Overcoming Over Talking

Yesterday I began the topic of women who talk too much. Talking too much might include things like finishing someone else’s sentences, or having the last word or even one-upping them in a conversation. She may also over talk, which is continuing to talk while someone else is speaking. She may also interrupt the speaker to insert her point of view.  

Have you ever listened to yourself when you talk? Have you ever had the opportunity to observe yourself interacting with your husband or someone else? This can be very enlightening!

Very often the women who complain about their husbands exhibit these types of behaviors. This is really a serious problem in a marriage or relationship, ladies!

Some other ways women talk too much are: babbling on and on about nothing, having idle talk or gossip about others, participating in unwholesome or careless talk about immoral or unseemly things. They become busybodies, knowing everyone’s business. They may also be sarcastic and critical of others thinking they are superior to their peers.
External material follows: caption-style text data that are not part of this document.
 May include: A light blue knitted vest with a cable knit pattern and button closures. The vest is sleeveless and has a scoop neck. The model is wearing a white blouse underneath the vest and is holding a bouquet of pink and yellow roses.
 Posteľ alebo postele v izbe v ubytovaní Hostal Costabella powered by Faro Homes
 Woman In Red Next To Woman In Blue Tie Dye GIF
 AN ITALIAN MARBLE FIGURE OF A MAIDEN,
I have seen how women respond to other women who talk too much; they are excluded and ostracized because for some reason we tend not to tolerate this from each other.
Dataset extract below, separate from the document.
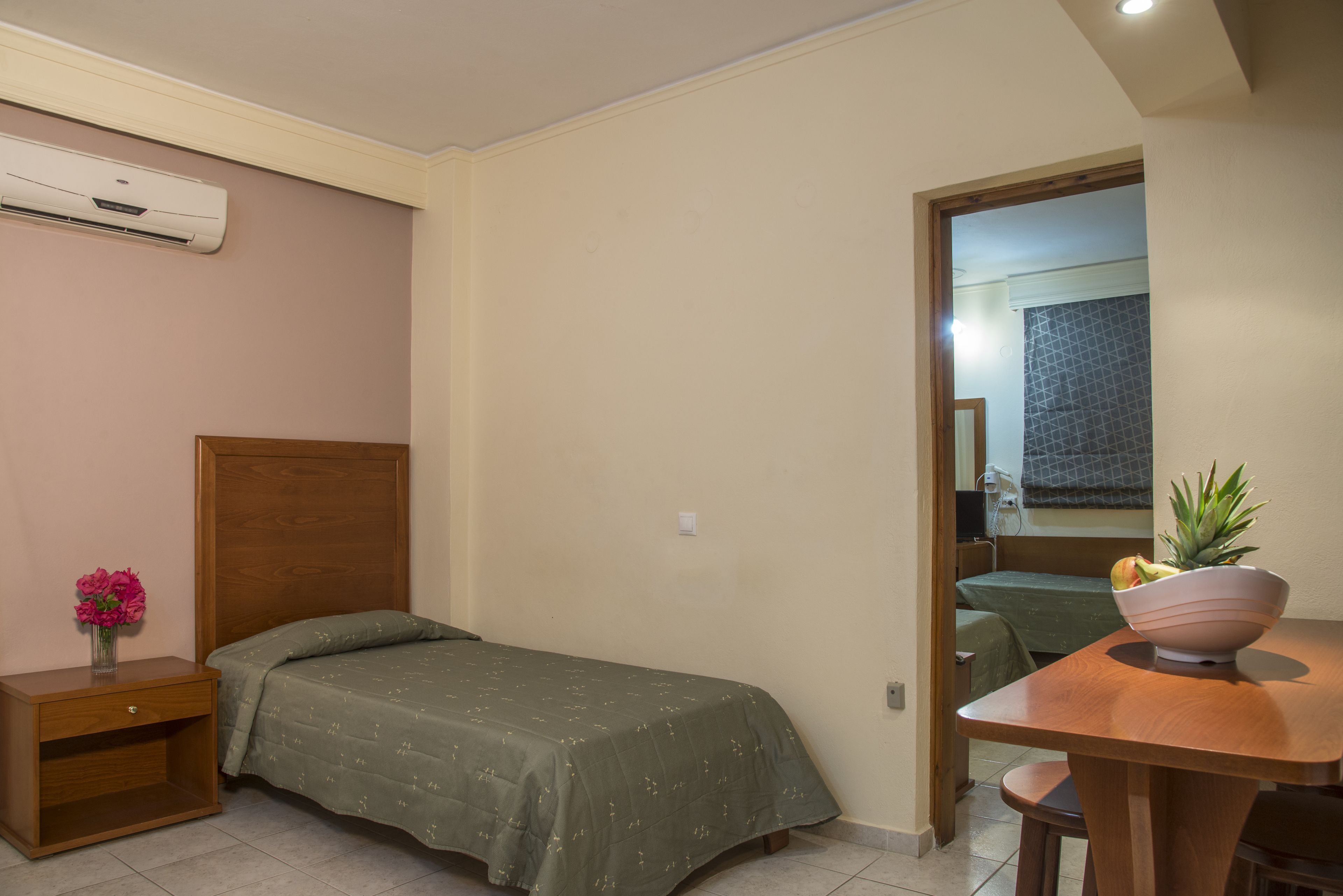 Un dormitorio pequeño y ordenado con una cama individual, una mesita de noche con un florero y una mesa de madera con un frutero.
The Husbands seem to respond to their wives who talk too much in a variety of ways. Some simply tolerate the behavior or ignore her as she goes on and on. Other men will yell at or berate their wives for talking too much, telling her to “shut up.”  Depending on the personality of the man, he may even adopt a passive role in the marriage; submitting to his wife out of self-preservation.
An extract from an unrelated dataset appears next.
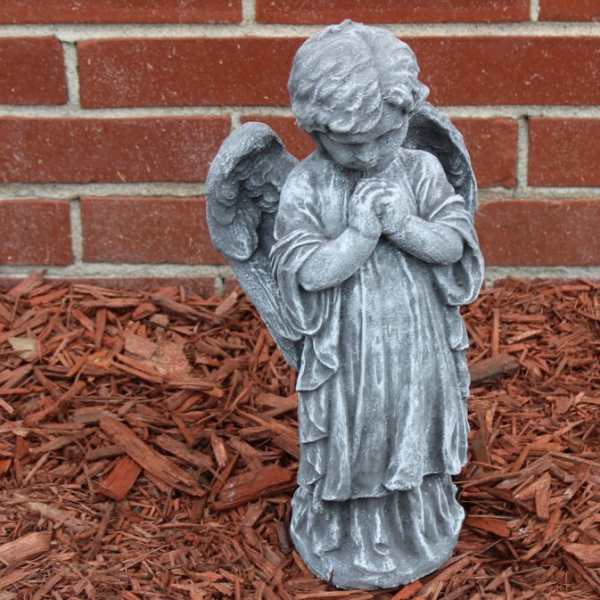 Gray angel statue with folded hands in front of a brick wall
These marriages may have started out loving and wonderful, but many have become prisons of misery for everyone concerned. The wives become shrill and shrewish and the husbands become withdrawn and henpecked.

As with all matters we face, dealing with this issue begins in the heart and her life will be changed as the heart of the woman is changed by God. She must begin to change this life dominating sinful pattern by asking God to help her to see her heart. David said in Psalm 139 "see if there is any wicked way in me" and this must be her prayer too.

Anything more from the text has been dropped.